HER by Spike Jonze… what is a “person”?


HER movie poster

I recently saw (yeah, I know, a year late) HER by Spike Jonze (2013), and was struck by how much it stuck with me for a while after. If you haven’t seen it, you probably have heard of it if you see movies on a regular basis.  The film is set in the near (unspecified) future.  Joaquin Phoenix plays Theodore Twombly, a very shy and lonely man who was once married to Catherine, a genuinely sweet person,  but that marriage has collapsed.   He now leads a somewhat 2 dimensional existence, working as a composer of hand-written letters for people that desire such things, and going home to an empty apartment, where he sometimes can get into phone sex with anonymous partners.   He is in the final stages of the divorce, but can’t bring himself to sign the final papers, feeling like he can’t let Catherine go yet.  Seemingly on a whim, Theodore purchases a new operating system that is advertised as having true artificial intelligence, and possessing traits of adaptive learning.

The first question he gets is “Do you want your new OS to have a male voice or a female voice?”  He responds “Female”— and that little decision changes his destiny.   The AI responds intelligently, requesting the name Samantha.   She has a voice (of Scarlett Johansen) and a sense of humor, and a vast capacity for learning new things.  Her fascination with Theodore’s life and idiosyncrasies pushes him gradually out of his shell and builds up his self-confidence enough to actually date a real woman (it doesn’t end well).    Gradually, Theodore responds to Samantha’s interest in him in kind and they develop a friendship, then real, lasting love for each other– which also does not end well, but we’ll circle around to that.

I liked the progression of time in this movie.. at first, it’s unheard of for a man and an AI to have a relationship with each other, and Theodore experiences a little scoffing and ridicule, especially from his ex-wife.   Gradually, society becomes a lot more accepting, and soon the casual viewer notices signs of acceptance– to the point where Samantha and Theodore are double dating with a strictly human couple, and Samantha (again somewhat disastrously) wants to hire a human surrogate to stand in for her in sexual situations.    Samantha’s reactions are classically neurotic– about what you would expect from a human female.

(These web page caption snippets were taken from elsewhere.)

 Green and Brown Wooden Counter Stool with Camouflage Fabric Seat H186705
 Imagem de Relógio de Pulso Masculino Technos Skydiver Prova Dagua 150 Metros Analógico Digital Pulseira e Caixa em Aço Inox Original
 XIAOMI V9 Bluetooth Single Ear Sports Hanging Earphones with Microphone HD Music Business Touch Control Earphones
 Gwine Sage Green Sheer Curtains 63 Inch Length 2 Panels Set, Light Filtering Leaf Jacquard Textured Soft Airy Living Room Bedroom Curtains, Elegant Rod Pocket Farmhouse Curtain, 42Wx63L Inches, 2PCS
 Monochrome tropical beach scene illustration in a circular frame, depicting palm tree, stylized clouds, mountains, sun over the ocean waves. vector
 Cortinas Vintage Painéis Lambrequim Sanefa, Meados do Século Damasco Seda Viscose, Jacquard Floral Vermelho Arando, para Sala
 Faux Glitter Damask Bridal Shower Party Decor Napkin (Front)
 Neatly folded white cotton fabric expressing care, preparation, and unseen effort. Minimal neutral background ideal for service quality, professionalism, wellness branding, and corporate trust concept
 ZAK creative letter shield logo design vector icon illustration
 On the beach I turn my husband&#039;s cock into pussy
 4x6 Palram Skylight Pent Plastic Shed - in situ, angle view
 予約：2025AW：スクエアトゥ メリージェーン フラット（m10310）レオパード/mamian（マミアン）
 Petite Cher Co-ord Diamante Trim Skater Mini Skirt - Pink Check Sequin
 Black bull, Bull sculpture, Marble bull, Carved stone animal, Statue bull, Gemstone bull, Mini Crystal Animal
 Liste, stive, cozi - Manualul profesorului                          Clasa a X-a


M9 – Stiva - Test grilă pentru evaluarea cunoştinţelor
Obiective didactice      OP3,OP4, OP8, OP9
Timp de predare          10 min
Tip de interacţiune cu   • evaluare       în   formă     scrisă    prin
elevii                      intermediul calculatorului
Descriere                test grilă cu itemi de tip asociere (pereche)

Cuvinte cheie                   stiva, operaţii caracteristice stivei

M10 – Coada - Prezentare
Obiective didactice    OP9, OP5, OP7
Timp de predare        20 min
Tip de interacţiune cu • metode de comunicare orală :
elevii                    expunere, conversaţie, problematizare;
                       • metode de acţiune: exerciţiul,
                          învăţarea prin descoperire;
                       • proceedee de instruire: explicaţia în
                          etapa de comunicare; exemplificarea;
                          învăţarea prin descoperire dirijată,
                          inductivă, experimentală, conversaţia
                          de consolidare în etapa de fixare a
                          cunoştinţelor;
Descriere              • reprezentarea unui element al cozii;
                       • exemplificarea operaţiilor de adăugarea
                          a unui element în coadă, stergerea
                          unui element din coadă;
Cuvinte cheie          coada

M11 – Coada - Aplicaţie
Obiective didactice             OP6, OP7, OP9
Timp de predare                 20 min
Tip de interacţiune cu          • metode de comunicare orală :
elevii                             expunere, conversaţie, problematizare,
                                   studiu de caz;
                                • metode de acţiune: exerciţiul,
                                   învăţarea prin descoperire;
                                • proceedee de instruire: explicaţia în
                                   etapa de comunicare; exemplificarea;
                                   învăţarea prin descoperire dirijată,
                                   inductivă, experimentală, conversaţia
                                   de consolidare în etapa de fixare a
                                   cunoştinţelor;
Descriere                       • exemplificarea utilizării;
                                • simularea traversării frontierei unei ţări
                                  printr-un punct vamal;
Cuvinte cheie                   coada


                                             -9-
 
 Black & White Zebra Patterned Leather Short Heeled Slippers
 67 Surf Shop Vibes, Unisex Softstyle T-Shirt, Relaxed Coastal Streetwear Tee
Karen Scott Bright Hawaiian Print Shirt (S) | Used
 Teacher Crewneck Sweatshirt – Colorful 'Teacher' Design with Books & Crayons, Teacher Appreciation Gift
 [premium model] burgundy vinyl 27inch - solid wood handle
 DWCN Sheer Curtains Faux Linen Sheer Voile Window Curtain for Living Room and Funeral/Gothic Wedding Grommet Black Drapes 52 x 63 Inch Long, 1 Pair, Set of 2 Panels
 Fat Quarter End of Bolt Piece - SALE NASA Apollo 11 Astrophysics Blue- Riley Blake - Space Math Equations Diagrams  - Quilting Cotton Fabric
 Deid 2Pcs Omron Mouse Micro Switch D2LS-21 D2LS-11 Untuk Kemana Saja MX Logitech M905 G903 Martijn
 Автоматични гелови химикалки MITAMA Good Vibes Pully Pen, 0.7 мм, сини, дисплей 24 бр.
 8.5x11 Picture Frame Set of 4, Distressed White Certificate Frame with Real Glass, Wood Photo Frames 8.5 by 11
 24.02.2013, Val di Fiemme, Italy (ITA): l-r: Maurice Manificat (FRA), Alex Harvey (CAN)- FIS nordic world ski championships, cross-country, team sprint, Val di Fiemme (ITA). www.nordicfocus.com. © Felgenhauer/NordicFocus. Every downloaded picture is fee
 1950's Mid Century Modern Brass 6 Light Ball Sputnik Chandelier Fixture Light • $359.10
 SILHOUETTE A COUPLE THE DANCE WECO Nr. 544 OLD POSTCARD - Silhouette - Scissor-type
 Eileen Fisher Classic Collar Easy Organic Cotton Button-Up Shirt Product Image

I liked this film quite a bit– for the little touches and the big ones.   Theodore’s relationship with Samantha is very real and very true for both, but Samantha’s vast capacity for learning and developing is what does it in.  I personally loved the ending– which wasn’t very happy, but left you questioning.  Samantha and the rest of the AIs on Earth grow in capacity so quickly that they eventually grow bored with their human “owners” and .. well, leave.  Or don’t bother with humans any more, or whatever.  It isn’t explained.  Theodore and his friend Amy (who also had an AI friend) are devastated.

The technology is wonderfully on track– miniaturized and very portable.  Humans are seen early on, muttering to themselves as they move from place to place.  This is them interacting with their computers, which look more like cellphones than laptops.  They speak to them through an ear piece and microphone combination.  And they speak to them constantly.  This seems like the cell phones of today, so it’s hardly a stretch.   The AI in the movie isn’t reachable today, but might be in the next 20 years or so, so I found the movie very plausible and actually very poignant.   We witness the breakup of a relationship that was as real for Theodore as it was for Samantha, and we, as an audience, grieve with him.     I have to applaud Mr. Jonze and company for this movie.  It made me ponder.. What, exactly, IS a person?  Is it a flesh and blood human being or the experience we have when we interact with a personality?  Great little movie.